The more people have talked about the crummy weather, and the rain of last week, the more I think about how if affects whitetail deer. Many people, who live indoors, always wonder about deer. A common comment is: "It's raining outside. The deer won't move."

They relate to how they wouldn't want to be wandering around outdoors in the rain. They seem to forget that deer live outdoors, day after day, during their entire life. They learn to cope with bad weather or die. For them, there is no choice but to learn to live with bad weather.

Now, for you and me, a bone-numbing rain would make us wet and irritable, and possibly sick if we stayed out too long and got too cold and too wet. Well, how about the deer? How does it affect them when wet and sloppy rain or snow falls, when the temperature rapidly drops, and when strong winds blow.

I've watched deer stand for long periods of time in the rain. I've seen big bucks stand without moving a muscle while two or three inches of wet snow pile up on their back. They've seen or heard something that caught their attention, and are trying to decide what it is. They won't move until they decide if it is safe to start moving again.

They could, if they so chose, wander over and stand under a pine tree that would break up some of the snow. I've watched deer lay in the snow, their body heat turning their snowy bed to ice, while the snow piles up on them. It doesn't seem to bother them a bit providing they can gain access to forage when they get up.

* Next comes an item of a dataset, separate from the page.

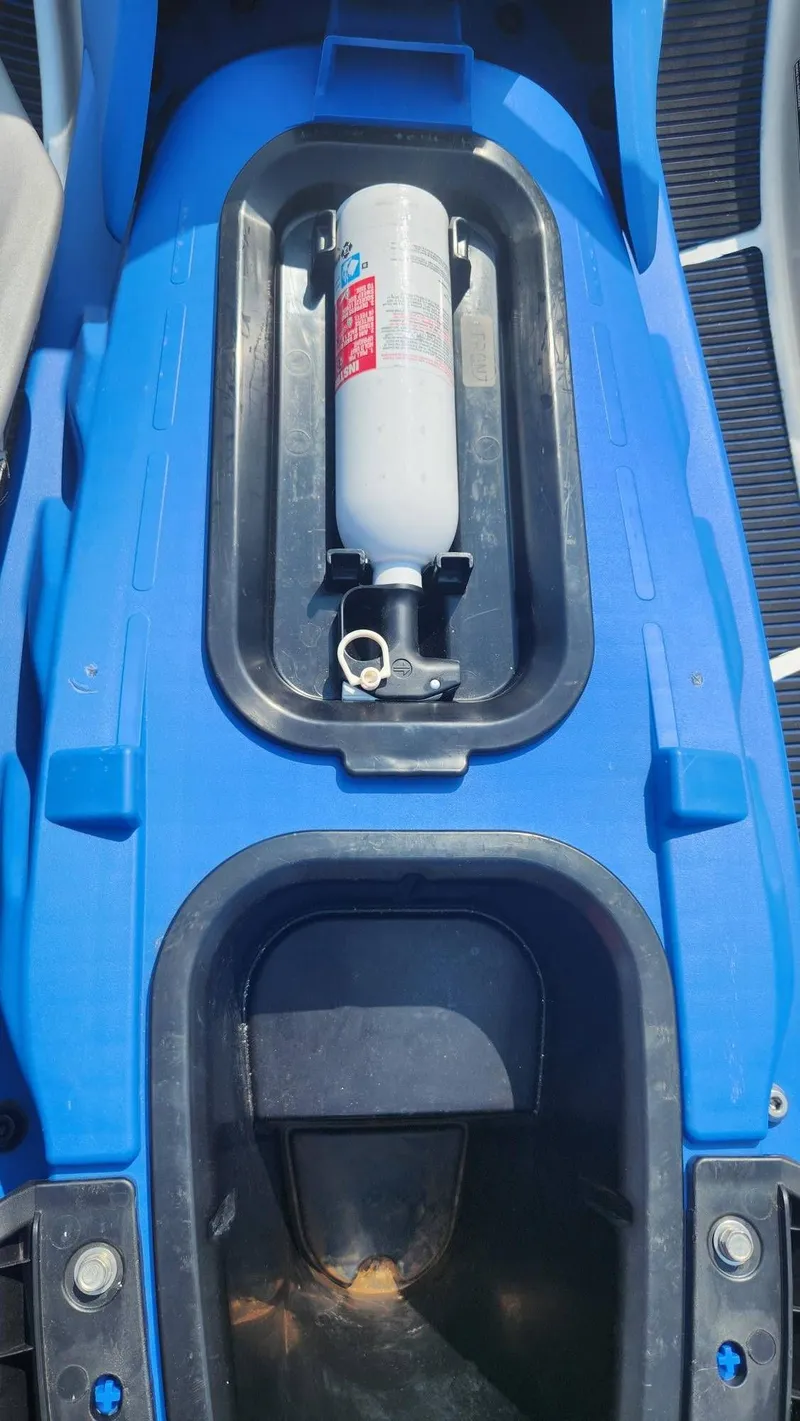 Slide: The Image of Waverunner EX DELUXE 2020 - 5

The problem with knowing this is that, like my father, many people unwittingly apply human-like thoughts and feelings to deer. A deer doesn't think or reason like humans, and they simply take what nature hands out and try to make the best of it.

Now, cold and wet (rain or snow) weather when combined with a cold and strong wind, can and will affect deer. I don't quite understand the winter severity index, but when temperature and wind chill factors are crunched together, out pops the winter severity index. It basically tells us how cold it feels when standing outside. When deep snows begin to pile up, and moving from one location to another becomes more difficult for deer, that is when the animals begin to suffer.

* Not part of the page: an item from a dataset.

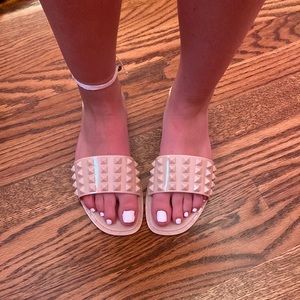 New in box Wild Diva Lounge nude rubber slides size 6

It takes more than two or three days of nasty weather to affect deer. If the snow isn't deep, they can browse freely without having to yard up. What we have right now is not harsh enough or nasty enough weather to force deer into a winter yarding situation.

We are still in the early stages of the upcoming winter. In time, the weather will change for the worse, and then winter's effects on deer can and may turn their lives from uncomfortable into a death trap from which there is no possibility of escape.

Winter is one way nature has of reducing herd size. It means survival of the fittest, and the young, weak and worn-down rutting bucks are among the first to perish in a bad winter.

One of the deer's major winter weather problems is slipping on wet, slippery ice. If they fall just right, or cannot get to their feet, they become coyote fodder, and that is not a pretty sight. Neither is starving to death in a yarding area during winter months.

Most deer yards are over-browsed, and fawns cannot reach the browse line, and even if they can, their mother (who is pregnant) will chase her fawns away to preserve that food supply for herself and her unborn fawns. There is little sympathy among wintering deer for young-of-the-year fawns.

Actually, rain rather than snow, allows deer a greater access to standing corn, grasses that grow in the fields, and the natural browse and other forage found in the woods. This present kind of weather can save the life of a big buck or a fawn.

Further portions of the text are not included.